The discussion began at the source — crops. Deputies held that pesticides currently have the biggest impact on the safety of farm produce. Some farmers have weak awareness of safe use, considering only efficacy and not toxicity when buying pesticides. “Most farmers know pesticides are toxic, but to them, anything that kills pests or cures disease is a good drug,” said Da Jianwen, NPC deputy and vice-chair of the Zibo CPPCC, Shandong. Moreover, each pesticide has a prescribed dose, but some farmers increase it arbitrarily to kill pests faster, accelerating resistance and polluting the soil, lowering efficacy and forcing yet higher doses — a vicious cycle.

Lü Mingchen, NPC deputy and deputy director of the Legislative Affairs Committee of the Shandong People’s Congress, described to fellow deputies the rampant illegal food additives he had seen during field research: “Much seafood has been soaked in acid, and adding industrial formaldehyde to dried seafood such as sea cucumber and squid is also common.” His remarks drew sighs from the deputies — over crop planting, processing, gutter oil, substandard hygiene and more.

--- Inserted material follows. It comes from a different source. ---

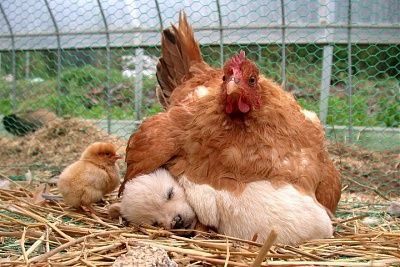 chickendog.jpg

“There must be severe punishment!” said Sun Jing, NPC deputy and deputy director of the Standing Committee of the Liaocheng People’s Congress, Shandong. She suggested raising rewards for residents who report food-safety problems, encouraging society-wide oversight of violations, dealing firmly with illegal workshops and traders, heavily fining and ordering rectification of substandard catering businesses, and revoking licences in serious cases. She noted that the NPC last year carried out enforcement inspections of the Food Safety Law’s implementation, reaching farms, tables, student canteens, inspection bodies and processing plants for whole-chain checks; attending the related meetings was both educational and confidence-building.

Xu Jingyan, NPC deputy and Party secretary of Liaocheng, Shandong, said food-safety incidents have been frequent in recent years; the relevant departments take this very seriously and have actively rectified matters, greatly improving the situation. “In Liaocheng, food safety is managed not only by the food and drug administration but with major manpower and resources from all sides. Still, safeguarding food safety remains a long road,” he said. He added that the government’s grasp of food-producing enterprises’ information is not yet accurate enough and its technical means not yet sound; facing a stream of new problems, it urgently needs to broaden management channels and methods. He suggested tilting enforcement strength towards the grassroots and increasing investment there: “Substandard products are often made in townships, streets and villages — yet it is precisely this link that lacks supervisory talent and equipment.”